BRUXELLES Medina est un terme arabe qui signifie ville. La medina de Rachid Taha est grande comme la terre entière. Elle est accessible à tout le monde. Surtout par les ponts qui lui permettent de passer d’un rythme oriental à un riff de guitare rock, d’un chœur féminin de Marrakech à une boucle techno, d’un chant en arabe à un "Je t’aime, tu es ma vie" susurré dans la langue de Molière.
Successeur de Diwân, sur lequel Taha puisait aux sources de la musique traditionnelle arabe en revisitant à sa manière les standards du Maghreb, Made in medina invite à nouveau au voyage. Ou plutôt à un trip multiculturel cher à l’artiste qui flirte toujours avec subtilité sur les frontières séparant tradition et modernité.
"Ce disque, je l’ai préparé comme un historien. Si je n’avais pas été musicien, je crois que je travaillerais aujourd’hui comme ethnologue. Ces gens-là connaissent mieux les origines des rythmes et des chants que les musiciens eux-mêmes. J’ai notamment lu un bouquin de Gilles Rougé sur la trance . Il a trouvé les origines de la trance en Afrique, au Bénin, pour en dénicher ensuite des traces à Haïti et à La Nouvelle-Orléans avec souvent des points communs. Sans le savoir, les gens qui pratiquent des cultes vaudous là-bas ont été influencés par les Africains. D’ailleurs, quand tu regardes la carte des alentours de La Nouvelle-Orléans, tu découvres des villes ou des villages qui s’appellent Alger ou Abdelkader."

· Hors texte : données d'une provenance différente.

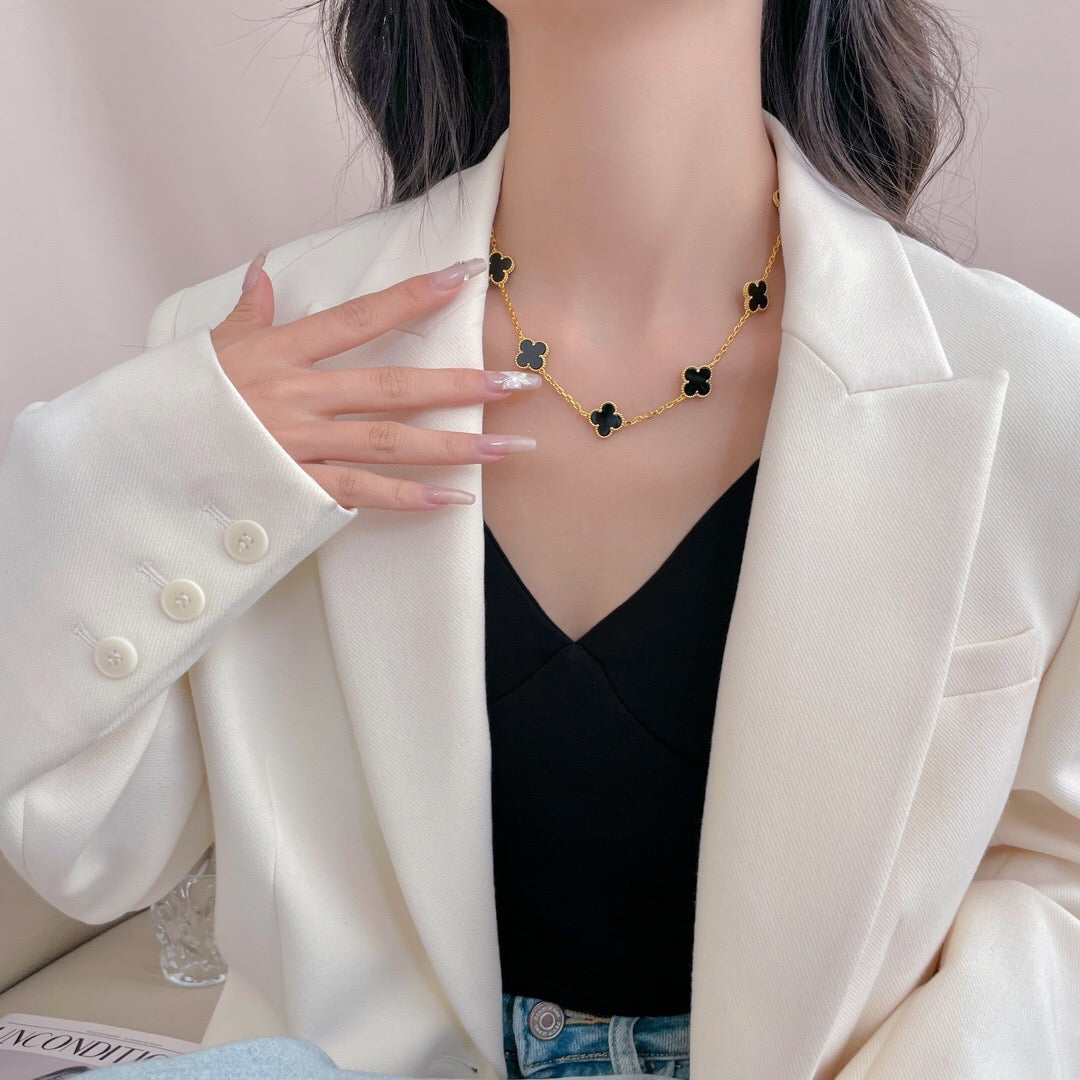 [Charm Aries Jewelry]CLOVERS THE 10-MOTIFS ONYX NECKLACE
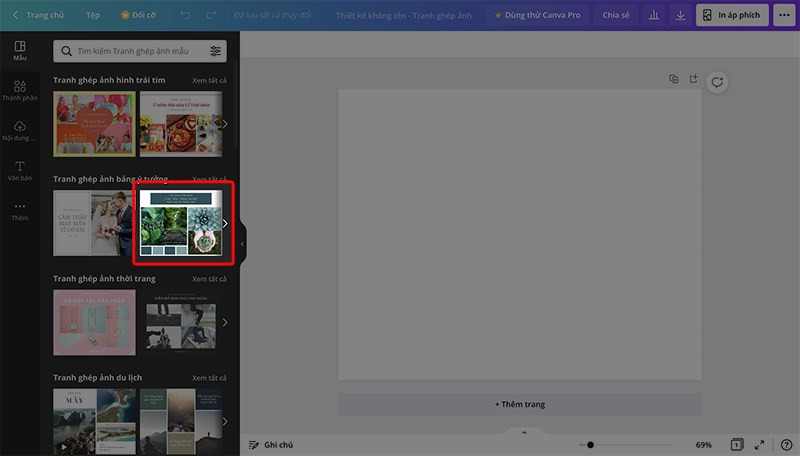 alt: Chọn mẫu ghép ảnh trên Canva
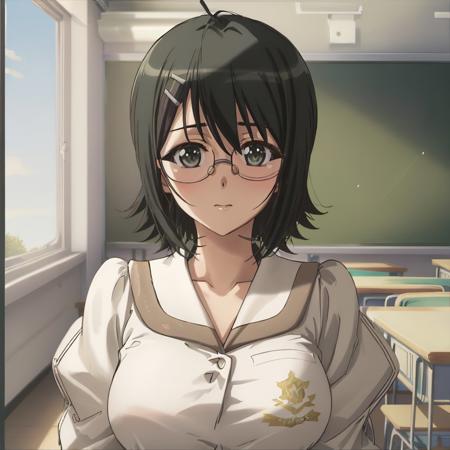 yorihime nao, glasses, large breasts,  hairclip,  school uniform, classroom, upper body, facing viewer,  <lora:yorihime_nao_v2:0.8>, masterpiece, best quality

Medina joue à la fois sur le côté sombre et festif de la musique trance. Enregistré à Paris, Marrakech, Londres et La Nouvelle-Orléans, cet album bénéficie de la collaboration de Steve Hillage, ancien guitar hero qui officiait dans le groupe de rock progressif et fidèle complice de Rachid Taha, depuis plus de quinze ans. C’est d’ailleurs lui qui avait produit le premier album de Carte de Séjour, le premier groupe de Rachid.

"Déjà à cette époque, j’étais surpris par sa curiosité musicale. Il écoutait toutes sortes de musiques et lisait des tas de bouquins. En France, je me posais souvent la question. Quand je discutais avec des musiciens ou des producteurs, ils ne connaissaient qu’un style : le leur… Moi je leur disais de prêter attention à ce qu’écoutait leur épicier arabe ou leur voisin sénégalais. Ils n’étaient pas intéressés."

"Les Anglais entament plus facilement cette démarche. Quand tu écoutes l’album Sandinista de Clash ou le White album des Beatles, tu vois que ces mecs sont allés chercher des influences partout dans le monde. C’est ce qui m’intéresse dans la musique. Elle n’a pas de frontière. Tout est là. Il suffit d’être curieux. Humainement aussi, ce cheminement peut t’apporter beaucoup. Je dis toujours que, pour tolérer l’autre, il faut d’abord apprendre à le connaître. En musique, c’est la même chose."